The Penny


When I was about seven years old, I really looked at a penny. I pulled out my magnifying glass and studied the little coin as though it were a map of North America. I discovered that Lincoln wore a bow tie, just like my Dad, and that he had a smile like my Mom.
Many things interested me. The word Liberty followed behind the president and the building on the reverse side; maybe that was somewhere in Greece! But the thing that really intrigued me was how such a little thing could be made so well, whiskers and all.
I decided that there must either be very little people, with very little tools who made the coins, (and a lot of them because there were a lot of pennies in the jar on the kitchen counter), or regular-sized people with tiny tools and powerful magnifying glasses. Neither theory satisfied me, but I hoped that somehow, someday, I could make enchanting little sculptures when I grew up.

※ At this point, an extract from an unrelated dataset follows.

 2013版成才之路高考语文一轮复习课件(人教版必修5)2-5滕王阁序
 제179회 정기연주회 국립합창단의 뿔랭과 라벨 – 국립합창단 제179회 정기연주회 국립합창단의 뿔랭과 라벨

The American Museum of Natural History


Although intimately connected to the natural world of my home in northern New Jersey, I had the good fortune of living near New York City, where we would visit the American Museum of Natural History. There I would reverently approach the dioramas; the shy gorilla of the Congo mountains, the blubbery walrus of the white Arctic.


In the great halls, giant plastic earthworms, ancient wooden totem poles, meteorites, and a whale hanging from the ceiling linked me to the world at large, as well as to my own imagination. An oversized museum postcard, The La Brea Tar Pits, (detail on right, reproduced with permission), has been in my possesion since childhood.
Outside the museum front doors is a long parapet wall populated with low relief gazelles and other four legged animals. I would walk along that wall with my hand out, strumming the legs of my unusual picket fence. In great part, I am a sculptor because of that wall, those dioramas, because of the American Museum of Natural History.